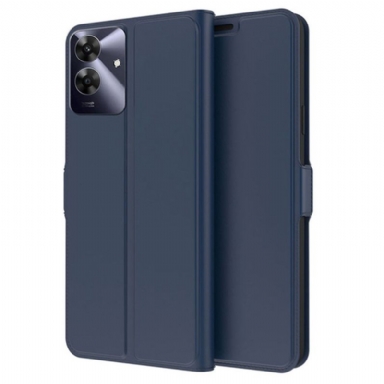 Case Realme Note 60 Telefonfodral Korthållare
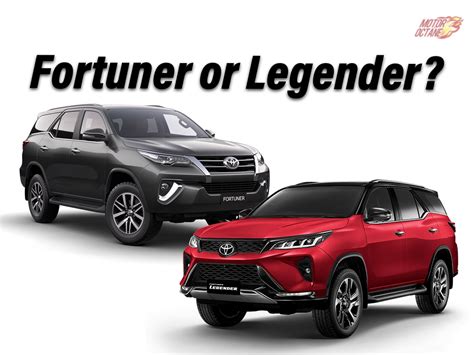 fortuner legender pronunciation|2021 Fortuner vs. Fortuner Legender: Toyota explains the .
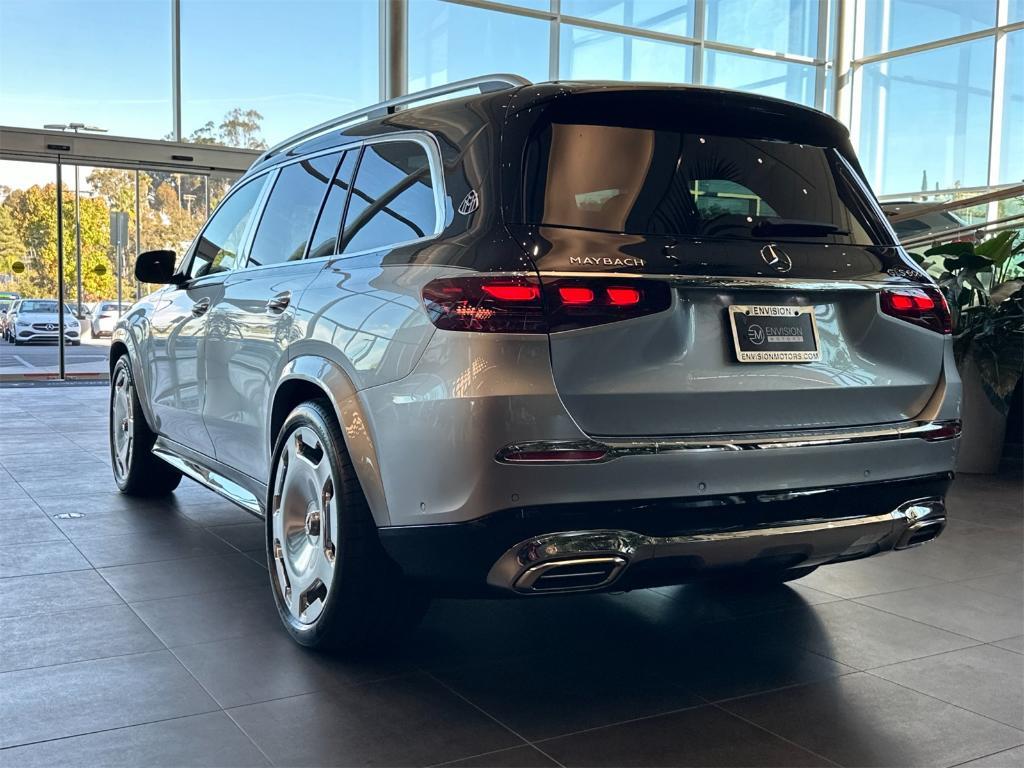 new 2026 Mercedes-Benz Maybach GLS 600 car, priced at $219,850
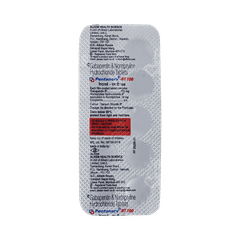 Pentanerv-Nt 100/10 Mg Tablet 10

Task instructions: The data above must be given back verbatim, minus its images.

Solved problem:
 Case Realme Note 60 Telefonfodral Korthållare
 fortuner legender pronunciation|2021 Fortuner vs. Fortuner Legender: Toyota explains the .
 new 2026 Mercedes-Benz Maybach GLS 600 car, priced at $219,850
 Pentanerv-Nt 100/10 Mg Tablet 10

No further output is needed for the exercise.